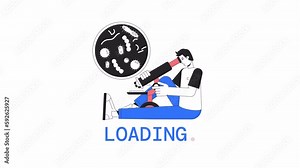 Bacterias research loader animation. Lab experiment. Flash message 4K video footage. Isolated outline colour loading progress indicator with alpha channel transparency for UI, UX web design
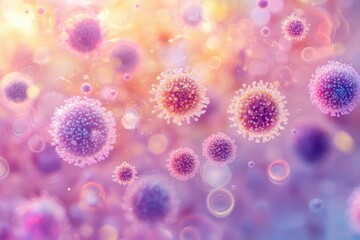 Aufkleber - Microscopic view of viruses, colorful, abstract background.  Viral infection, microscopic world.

---

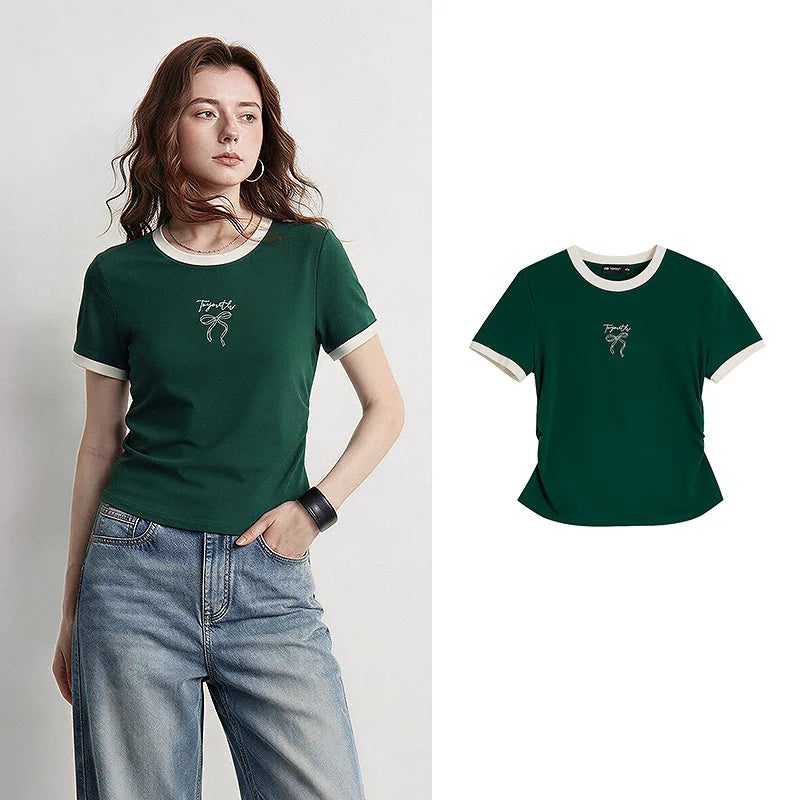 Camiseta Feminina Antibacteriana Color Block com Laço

...

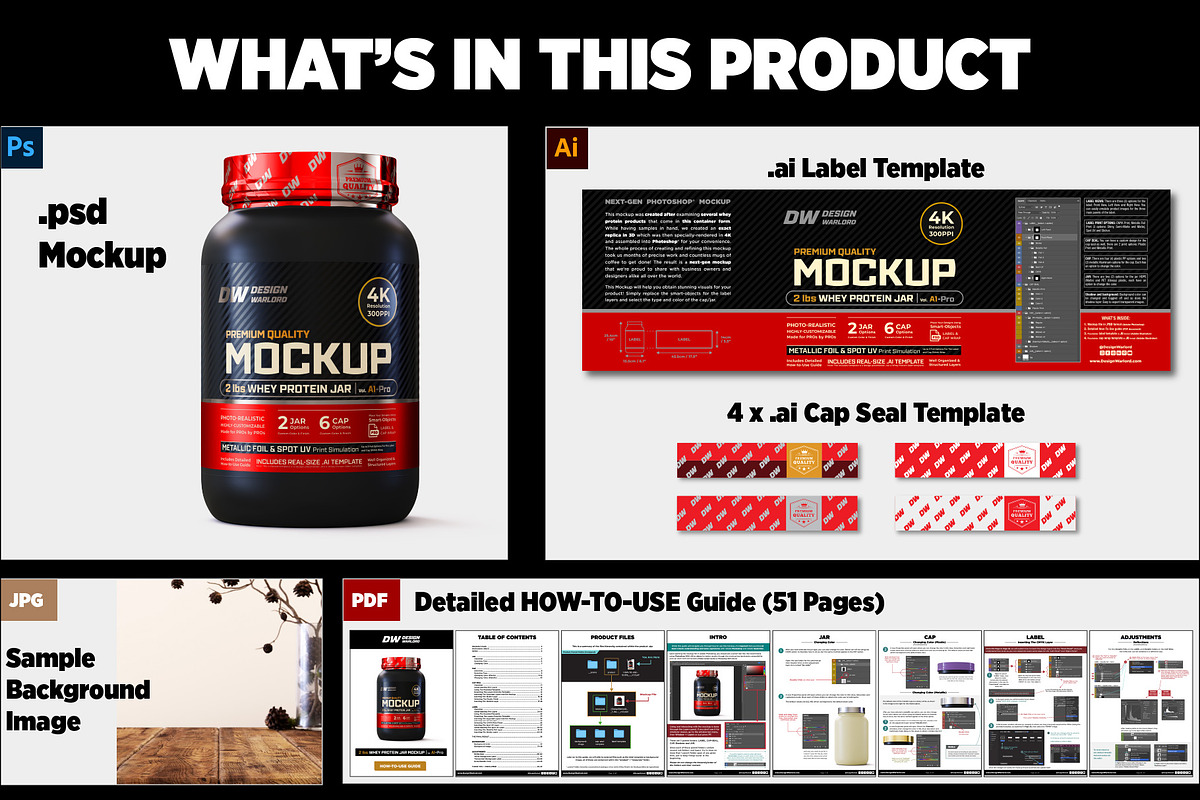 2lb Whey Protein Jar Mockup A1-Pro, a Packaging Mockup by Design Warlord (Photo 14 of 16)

Your task →
Make an exact copy of the lines above, beginning with the line with "Bacterias research loader" and ending with the line with "Aufkleber - Microscopic", and keep the pictures out of it.

Answer to this task →
 Bacterias research loader animation. Lab experiment. Flash message 4K video footage. Isolated outline colour loading progress indicator with alpha channel transparency for UI, UX web design
 Aufkleber - Microscopic view of viruses, colorful, abstract background.  Viral infection, microscopic world.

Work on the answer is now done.